I'd strongly advise GETTING more data

You may not have the data historically, but if you can arrange to have some orifice plates installed and/or conduct some allocation tests in your wells it will vastly aid the accuracy

The problem you face is that even if you characterize your VLP curves etc, you still need to make assumptions about the local reservoir pressure and kh around each of your wells - both of which are usually quite different between wells

Perhaps you can go to logs and (gu)estimate kh per well, then assume average reservoir pressure per well is the same - armed with this info you can draw an EWAG (Engineered Wild Ass Guess) as to an appropriate production allocation based upon WHP's. Start with WHP and observed fluid cuts, assume a rate (if friction is significant), from VLP curves calc FBHP, from (gu)estimated kh and Pr calc flow rate from Darcy (iterate if friction is significant). Because the absolute value is not as important as the relative values between your wells this would probably be a reasonable method to use - I am assuming here that your wells are flowing naturally. If you are pumping them then go to your pump parameters for allocation.

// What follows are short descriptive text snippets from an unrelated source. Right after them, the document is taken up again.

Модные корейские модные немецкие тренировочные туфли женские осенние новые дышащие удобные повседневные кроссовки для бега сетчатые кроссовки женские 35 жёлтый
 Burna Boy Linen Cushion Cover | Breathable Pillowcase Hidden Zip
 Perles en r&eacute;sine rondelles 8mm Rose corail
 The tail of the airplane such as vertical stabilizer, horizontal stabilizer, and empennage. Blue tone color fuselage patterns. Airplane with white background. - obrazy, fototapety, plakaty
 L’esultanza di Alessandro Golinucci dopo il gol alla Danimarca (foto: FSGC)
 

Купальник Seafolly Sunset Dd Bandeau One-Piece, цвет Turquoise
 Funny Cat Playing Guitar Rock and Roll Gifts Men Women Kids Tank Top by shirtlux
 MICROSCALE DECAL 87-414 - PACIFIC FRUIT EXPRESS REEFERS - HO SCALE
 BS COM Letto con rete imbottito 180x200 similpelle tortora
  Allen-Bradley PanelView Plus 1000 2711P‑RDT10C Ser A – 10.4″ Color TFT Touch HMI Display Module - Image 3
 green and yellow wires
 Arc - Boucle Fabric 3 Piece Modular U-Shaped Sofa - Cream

Another thing to check is that usually wells are occasionally shutin for periods. While they generally are not shutin for long enough for a true buildup, if you choose a standard shutin period (ie 12 hours/24 hours etc) that is often met, then plot the WHP of your shutin wells over time (you may well have to make estimates of the fluid cuts in the tubing) you may glean more information about connectivity, kh and pressure support in each of your well - your better kh wells will build up more rapidly, and your higher Pr wells will extrapolate a sqrt time plot to a higher point.